Totally just blurting out from the top of my head, but I'm guessing it's more because digital things are intangible.

The tech and talent is still being used, like the cargo ships in your example, it's just the competition that's been killed.

I would think for some it's the acquihire, for some it's a way of preventing competition...
Yep they are bastards.

Watch Microsoft carefully.

What makes you think that CentOS was killed? It will be available and actively maintained.
> What makes you think that CentOS was killed?

Their own announcement yesterday.

> It will be available and actively maintained.

CentOS8 will not be after 31 December 2021, that's what they announced yesterday. CentOS7 will be, until 30 June 2024, according to their current status page, but who's going to trust them after what they pulled yesterday? Overnight, they changed CentOS8's End-of-life from 31 May 2029 to 31 Dec 2021. Surely you understand that that made a few people a bit upset.
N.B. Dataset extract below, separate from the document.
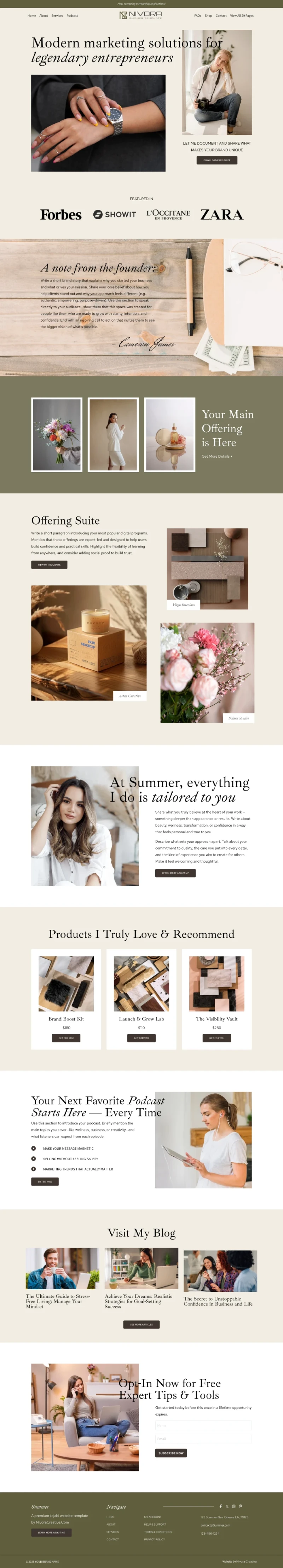 Summer WordPress Template Home Page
The only thing actively maintained in the future will be CentOS Stream, which is not CentOS classic as people understoond and used it. CentOS classic were RHEL-release clones without Redhat branding and support. CentOS Stream is RHEL-next Beta.

Just because CentOS Stream has "CentOS" in its name does not mean it's the same thing - CentOS, as is known currently, will effectively stop existing once CentOS7 is no longer supported (not to mention CentOS8 will not even be supported for previously announced period).
Yes, CentOS as a precise RH clone will be history, but there is still RH. CentOS will still be close to the next RH release and sufficiently behind Fedora to be stable by itself. So a good choice for many, who want a bit more current software than Red Hat but want to be more conservative than to go with Fedora. For many users an actual improvement. For those who want Red Hat, they should use Red Hat or one of its clones.
> For those who want Red Hat, they should use Red Hat or one of its clones.

That's the gripe. We were using one of its clones.